Ancak, işler hiç de istenildiği gibi gitmeyecekti ve de gidemezdi de. Bu yüzden de Recep Tayyip Erdoğan’ın 28 Ağustos tarihine kadar Başbakanlık koltuğunu bırakmayıp hâlâ bu görevi de üstünde taşıyormuş gibi Anayasal suç işleyerek yürütmesi boşuna değildir. O istiyor ki, AKP bölünmeden varlığını sürdürsün ve kendi emrinden milim dışarı çıkmadan parlamentoda üstüne düşeni yerine getirsin. AKP içinde başlayan ve boyut kazanan tartışmalar işte bu yöndeydi. Başbakanlık koltuğuna önerilen kişi ise Recep Tayyip Erdoğan’ın bir dediğini iki etmeyecek olan Ahmet Davutoğlu’ydu. Parti içinden bu öneriye karşı mırın kırın olsa da göründüğü kadarıyla sonuç üç aşağı beş yukarı belli olmuş, Ahmet Davutoğlu Başbakanlık koltuğuna oturacak kişi olarak belirlenmişti.

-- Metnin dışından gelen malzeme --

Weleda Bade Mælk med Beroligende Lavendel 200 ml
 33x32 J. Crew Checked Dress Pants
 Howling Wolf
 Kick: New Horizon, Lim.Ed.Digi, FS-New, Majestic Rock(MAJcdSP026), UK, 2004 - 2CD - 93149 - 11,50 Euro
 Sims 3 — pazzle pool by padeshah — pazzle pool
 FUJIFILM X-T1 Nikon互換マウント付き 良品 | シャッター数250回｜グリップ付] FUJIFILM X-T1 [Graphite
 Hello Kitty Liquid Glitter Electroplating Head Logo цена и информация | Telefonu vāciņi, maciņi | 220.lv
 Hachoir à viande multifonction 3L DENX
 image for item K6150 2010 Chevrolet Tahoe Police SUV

Değerli okurlar, yarın Başbakanlık koltuğuna oturacak ve Türkiye’nin yazgısını elinde tutacak olan kişi, çapsız ve derinliği olmayan politikalarıyla Ahmet Davutoğlu olacak gibi görünüyor. Böyle olması kendileri açısından çok doğal. Çünkü Recep Tayyip Erdoğan’ın Ahmet Davutoğlu suç ortağıdır. Tencere dibin kara, seninki benden kara hesabı uyum içinde olmalarını da suç ortaklığı sağlayacağı için suç işlemeye devam edecekler demektir. Böyle bir durumda ise halkımız ve komşularımızı daha ağır bedeller beklemektedir.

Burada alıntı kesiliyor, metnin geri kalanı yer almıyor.